Dec. 14, 2015 — Time sometimes changes perspective in politics. Three-term North Carolina Rep. Renee Ellmers (R-Dunn) came to Congress with a 2010 victory margin of just under 1,500 votes against then-Rep. Bob Etheridge (D-Lillington/Durham) in what became one of that cycle’s biggest Tea Party upsets. Now running for a fourth term, some of the congresswoman’s past allies are backing one of her Republican primary opponents. Her performance in office has disappointed various conservative segments.
This week, the Club for Growth, one of the most prolific conservative outside support groups endorsed Rep. Ellmers’ top primary opponent, former Chatham County Republican chairman Jim Duncan. The Ellmers’ conservative detractors have a major problem, however, in that the anti-incumbent vote is split among three candidates. In addition to Duncan, local radio talk show host Frank Roche and public relations executive Kay Daly are both in the race.
With the Club helping Duncan, his resource base will expand exponentially. He becomes Ellmers’ key challenger and, if the other two could be talked out of running before the upcoming Dec. 21 candidate filing deadline (for the March 15 primary), would be in strong position to deny her re-nomination. But, considering that North Carolina employs a 40 percent run-off rule, defeating any incumbent in a crowded field is a difficult proposition. To avoid a secondary election, Ellmers would only have to reach the 40 percent plateau to clinch the nomination, which, in the 2nd District is the tantamount to winning in November.
Facing a primary challenge is nothing new for the congresswoman. For her first re-election, she scored 56 percent of the vote against three Republican opponents. Considering that NC-2 was radically changed in 2011 redistricting, mainly to make what was a discernibly Democratic seat anchored in Durham into a Republican suburban seat that starts just southwest of Raleigh, then moves due south to circumvent the city of Fayetteville, and wraps around west all the way to the outer suburbs of High Point in the Piedmont Triad, her victory percentage was acceptable for a virtually unknown freshman incumbent.
Turning to the 2012 general election, Mitt Romney scored a touch over 57 percent here against President Obama. Rep. Ellmers won her subsequent November campaign with 56 percent against an under-funded Democratic nominee.

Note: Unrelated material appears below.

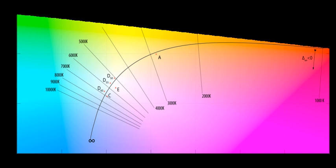Relation to CIE 1976 UCS: If u prime equals U, then v prime is 3/2 times V.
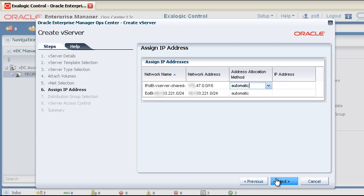For each selected network, you can choose to either assign an IP address to the vServer manually or automatically.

In 2014, we saw a similar scenario unfold. With only 36,457 individuals voting, Rep. Ellmers captured 58.7 percent, a low total against the aforementioned Roche, who spent less than $43,000 that year in attracting 41.3 percent of the vote. Clearly, this performance illustrates incumbent weakness.

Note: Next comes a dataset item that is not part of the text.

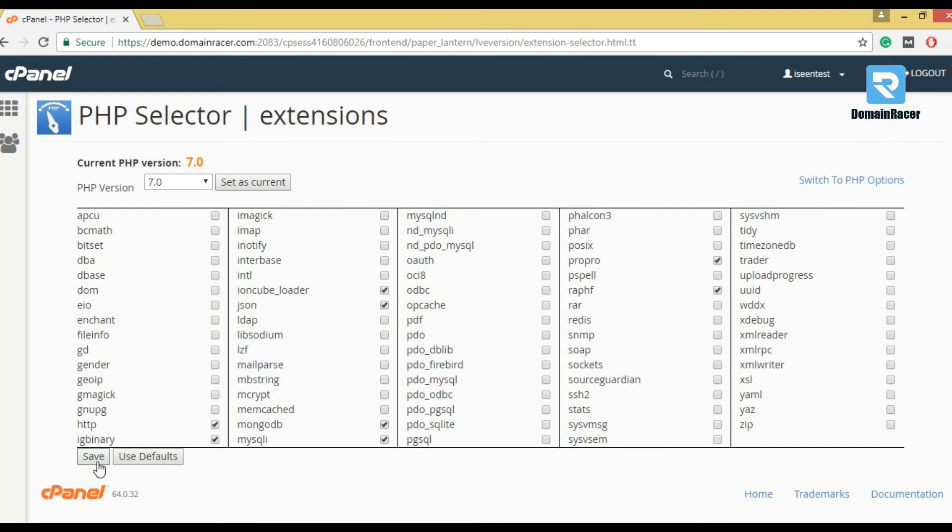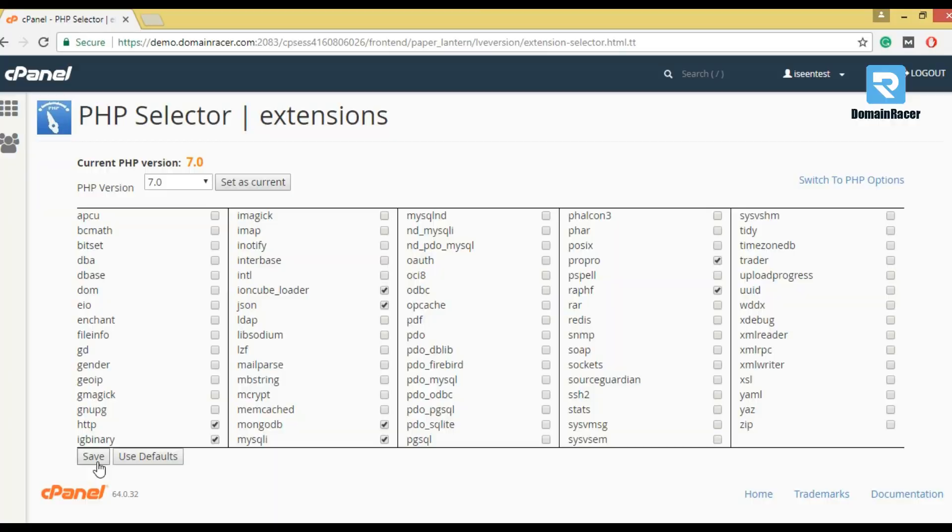Congratulations, now you know how to adjust your PHP version from cPanel.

Now facing a well-funded opponent, Ellmers has problems. Not trusted on economic issues such as the debt ceiling and re-funding the Export-Import Bank of the United States, she frustrated social issues conservatives by doing the leadership’s bidding on, what many saw as, a watered-down pro-life measure earlier this year. To make matters worse, rumors of an extramarital affair with Majority Leader Kevin McCarthy (R-CA-23) repeatedly surfaced during the latter’s aborted campaign for Speaker when John Boehner resigned the position. Both she and McCarthy have denied having such a relationship.
It will be a major feat to keep Rep. Ellmers below 40 percent in a multi-candidate field to force a run-off election, but such a result is well within the realm of possibility particularly if the Duncan supporters can convince the others not to run. With the Club for Growth’s involvement for Duncan’s now evident, attention should be paid to this early primary contest and considered an upset possibility.
Soon after the McCarthy speakership debacle ended, rumors began surfacing in the state that Ellmers might not seek re-election. At this point, it appears she will file, but we’ll know for sure in 10 days. At the end of September, she held a rather low $411,242 in her campaign account.